* **THE PROBLEM**: Only the lines from the one containing "adidas Peach/Light Orange" through the one containing "Portable Sony compact" should be printed, exactly as they appear below, with both ends included.
Start of SUPPLIED DATA
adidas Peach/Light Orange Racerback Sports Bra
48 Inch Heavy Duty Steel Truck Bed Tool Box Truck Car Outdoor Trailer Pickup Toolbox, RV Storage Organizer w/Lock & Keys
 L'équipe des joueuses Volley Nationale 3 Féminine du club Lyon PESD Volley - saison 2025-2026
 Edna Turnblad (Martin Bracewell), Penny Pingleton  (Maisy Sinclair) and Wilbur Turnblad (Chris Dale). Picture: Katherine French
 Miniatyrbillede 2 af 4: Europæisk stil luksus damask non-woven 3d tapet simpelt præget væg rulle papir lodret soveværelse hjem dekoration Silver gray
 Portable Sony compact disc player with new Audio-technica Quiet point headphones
End of SUPPLIED DATA
Start of SUPPLIED DATA
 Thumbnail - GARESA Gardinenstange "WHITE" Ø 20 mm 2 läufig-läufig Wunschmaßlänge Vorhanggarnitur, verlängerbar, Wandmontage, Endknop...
End of SUPPLIED DATA
Start of SUPPLIED DATA
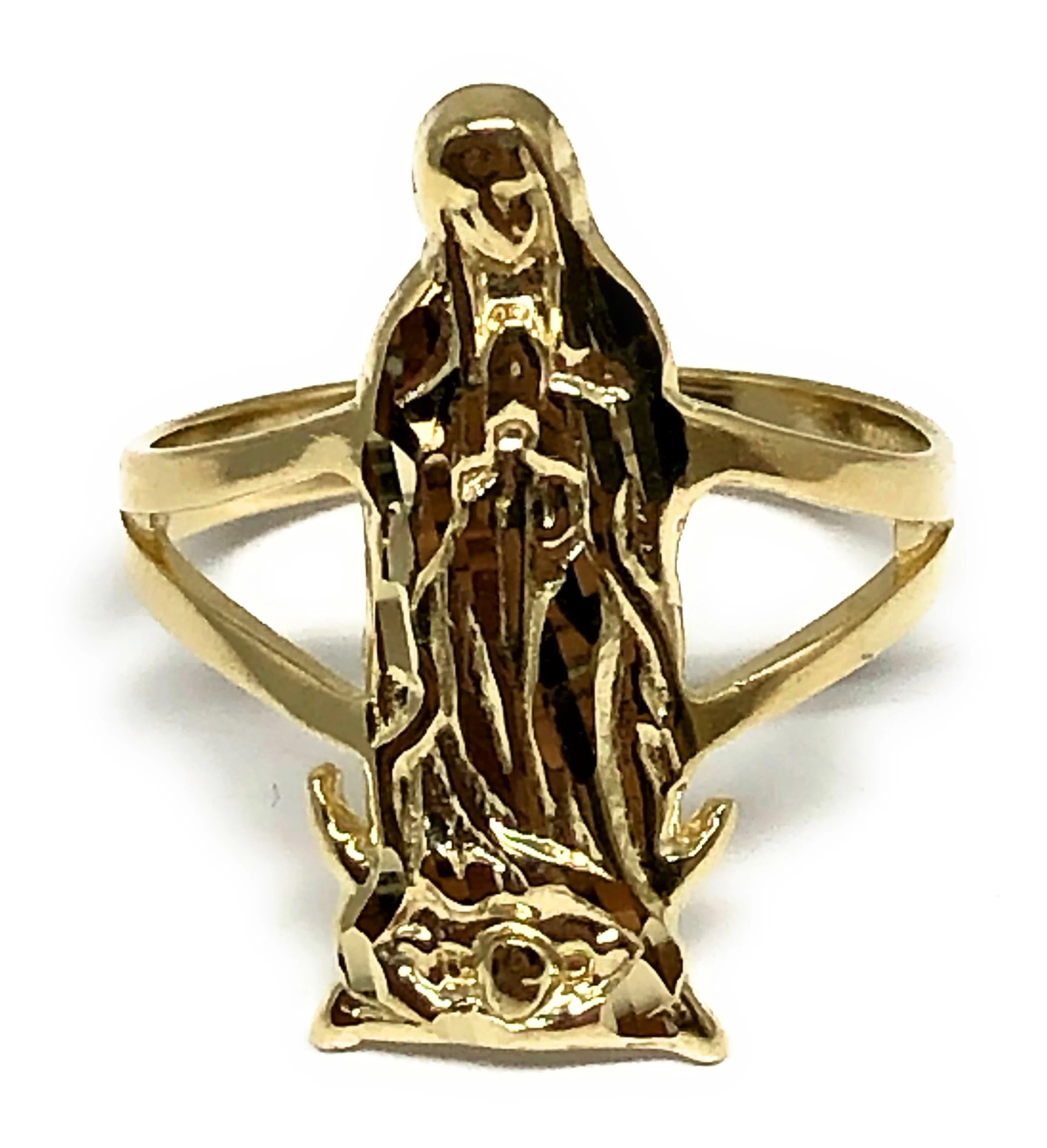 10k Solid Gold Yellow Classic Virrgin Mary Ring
End of SUPPLIED DATA
* **RESULT BELOW**:
adidas Peach/Light Orange Racerback Sports Bra
48 Inch Heavy Duty Steel Truck Bed Tool Box Truck Car Outdoor Trailer Pickup Toolbox, RV Storage Organizer w/Lock & Keys
 L'équipe des joueuses Volley Nationale 3 Féminine du club Lyon PESD Volley - saison 2025-2026
 Edna Turnblad (Martin Bracewell), Penny Pingleton  (Maisy Sinclair) and Wilbur Turnblad (Chris Dale). Picture: Katherine French
 Miniatyrbillede 2 af 4: Europæisk stil luksus damask non-woven 3d tapet simpelt præget væg rulle papir lodret soveværelse hjem dekoration Silver gray
 Portable Sony compact disc player with new Audio-technica Quiet point headphones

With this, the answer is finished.